Data comes from variety of sources – business applications and scientific research, to personal data. The velocity in which it is generated is constant and instantaneous. This volume and variety is fuelled by the properties of cloud – affordability, agility, and extensibility. The volume of data thus created can be make sense when aggregating small sets that are somehow related to a larger set of the fragments to identify patterns, and define decisions and actions, to influence the effect in future get us the definition of big data.

Big data is any attribute that challenges the constraints of business needs or system capability. Take generation diversity for example – automated generation of data, such as images of weather prediction to manual entry such as tweets and blogs. Data generated thus are being updated at an amazing rate iteratively and incrementally. As we move forward in time, data about data is created, calculated or inferred. Despite of the size, speed or source of the data, big data is all about making sense out of chaos – find the meaning between the data that is constantly changing, finding the relationship between the data creation, understanding the interconnectedness that unlocks the value of big data – modeling events that affects future.

IDC’s digital universe study 2011 states that like our physical universe, the digital universe is something to behold — 1.8 trillion gigabytes in 500 quadrillion “files” — and more than doubling every two years. That’s nearly as many bits of information in the digital universe as stars in our physical universe.

Timeline

Entropy is a measure of the disorder of a system. A well-organized system, like ice cubes or unbroken eggs, has low entropy; whereas a disorganized system, like melting ice cubes or broken eggs, has high entropy. Left to its own devices, entropy goes up as time passes. Entropy is the only quantity in the physical sciences that requires a particular direction for time. As we go “forward” in time, the second law of thermodynamics says that the entropy of an isolated system will increase. Hence, we can define entropy measurement is a way of distinguishing the past from the future from one perspective. A perceptual arrow of time is a continuous movement from the known past to unknown future. Expecting or predicting the unknown forms of future, is a norm that make something move towards it like setting a goal for a output of a system or in our case its hopes, dreams, and desires that make us move towards future.
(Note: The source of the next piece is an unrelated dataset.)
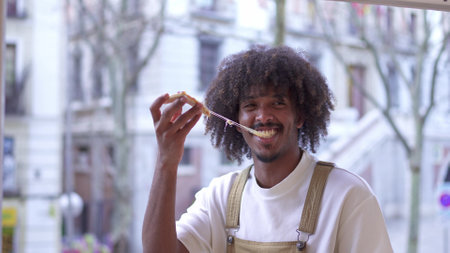 Man with afro hairstyle eating pizza pulling on melted cheeseの写真素材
As our digital universe grows in time, there is increase in the variety, velocity, and volume of data. This often leads to the disorder such as lack of governance, compliance, and security. We have standard governance, regulatory standards, and privacy laws that anticipate the future system.

Entropy

Traditional BI fails to handle cases when data sets become progressively diverse and more granular against the results that are real-time and iterative. This kind of analysis requires organizations to capture exhaustive information from a specific moment in time before the entropy takes its effect on data. Conventional relational database systems does not support unstructured, high volume, fast-changing data—big data. It requires a new generation of technologies, tools, and analytic methods to extract value from our digital universe. Big data approaches are essential when organizations want to engage in predictive modeling, advanced statistical techniques, natural language processing, image analysis or mathematical optimization.

If we want big data to transform business and extract real value from the chaos of our digital universe it is extremely important to find the interconnectedness as we move forward in time. This will help business to make the best decision at the correct time and to deliver that to right people to execute. This is an attempt to apply the concept of arrow of time in big data to understand the interconnectedness in the digital universe to derive real business value from big data at an enterprise level.